──────── DATA PROVIDED

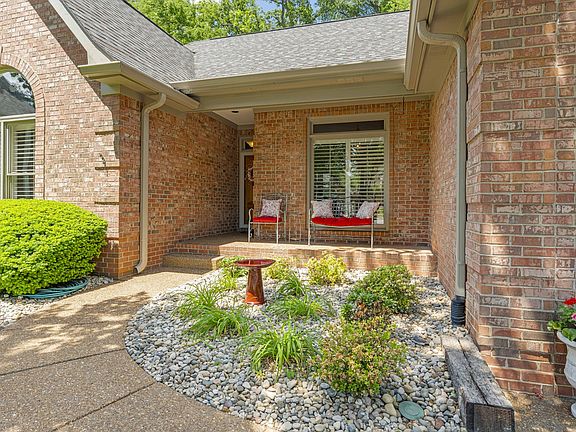 5th image of 340 Julianna Cir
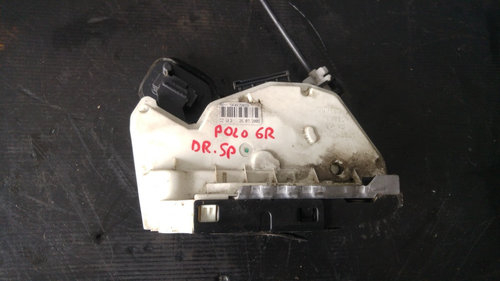 Broasca iala usa dreapta spate vw polo 6r 5k4839016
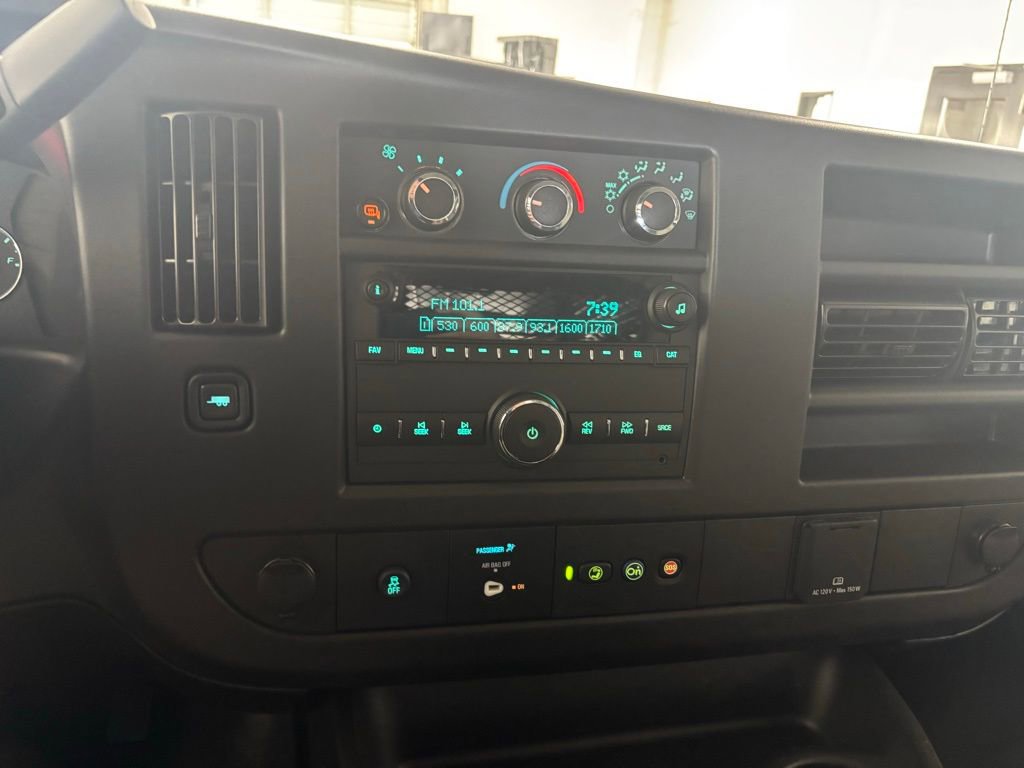 New 2025 Chevrolet Express 2500 Work Van w/ Driver Convenience Package image 31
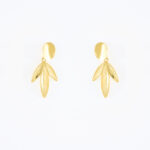 Gouden oorbellen met blaadjes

────────────────

> AIM OF THE TASK
All that is wanted is the lines from the one holding "New 2025 Chevrolet" through the end of the material, duplicated exactly, with no pictures.

> SOLVED PROBLEM
 New 2025 Chevrolet Express 2500 Work Van w/ Driver Convenience Package image 31
 Gouden oorbellen met blaadjes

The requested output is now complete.